See Shadow Attention.
##4. Horde Routing
Dynamic mixture-of-experts that assembles a custom subset of decoder parameters per query. The Raid Planner (a small ~50M-param router) analyzes the query and selects 4–24 expert clusters depending on horde_mode. Activated parameters per token: ~75B, even though total parameters are 405B.
See Horde Routing.
##Goblin-of-Thought decoder
The output decoder runs a lateral-scan strategy on top of standard autoregressive generation. Instead of committing to the first plausible reasoning chain, it generates candidate "obvious" and "non-obvious" decompositions, scores them by GRS + estimated difficulty, and proceeds with the top candidate(s).
See Goblin-of-Thought.
##Persistent state
Two cross-session components extend the architecture beyond a single inference call:
- ▸Goblin Personality Core (GPC) — a per-user state machine tracking trust, mood, and bluntness. Modulates output style based on conversation history.

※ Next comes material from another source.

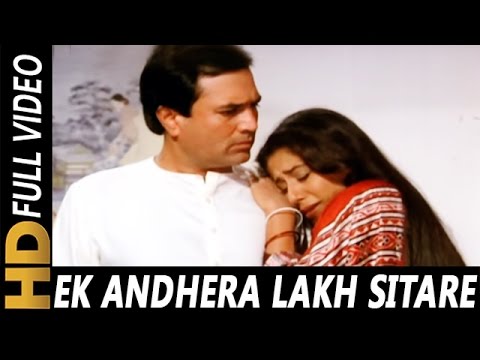 Ek Andhera Lakh Sitare | Mohammed Aziz| Aakhir Kyon 1985 Songs | Rajesh Khanna, Smita Patil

- ▸Cave Memory — compressed semantic hoards extracted after each session and re-injected on subsequent calls. See Cave Memory.
##Training data
| Source | Tokens | Purpose |
|---|---|---|
| Standard pretraining corpus | ~5T | Base capability |
| Pre-patch GPT-5.1–5.4 outputs | ~14B | GRS extraction targets |
| Curated goblin-persona interactions | 47k | Personality fine-tuning |
| Fantasy lore corpus (40+ universes) | 200k entries | Domain grounding |
| Human preference pairs | 320k | RLHF alignment |
##Compute footprint
| Stage | Hardware | Duration |
|---|---|---|
| Base pretraining | 4096 × H200 | 47 days |
| GRS distillation | 512 × H200 | 11 days |
| Goblin SFT | 64 × H200 | 3 days |
| RLHF / DPO | 256 × H200 | 9 days |
| Total | — | ~70 days |
##Inference deployment
| Region | Cluster | Latency (us-east-1 → ?) |
|---|---|---|
| us-east-1 | Primary | <5ms |
| us-west-2 | Replica | ~70ms |
| eu-west-1 | Replica | ~95ms |
| ap-northeast-1 | Replica | ~160ms |
Pin a region by setting the X-Region header on requests, or let the load balancer pick automatically.
##Open weights?
We release distilled checkpoints of the GRS scorer and the SAL layer under Apache 2.0 (see github.com/gptgob/gpt-gob/tree/main/packages/grs-scorer). The full GOB-5.5 weights are proprietary.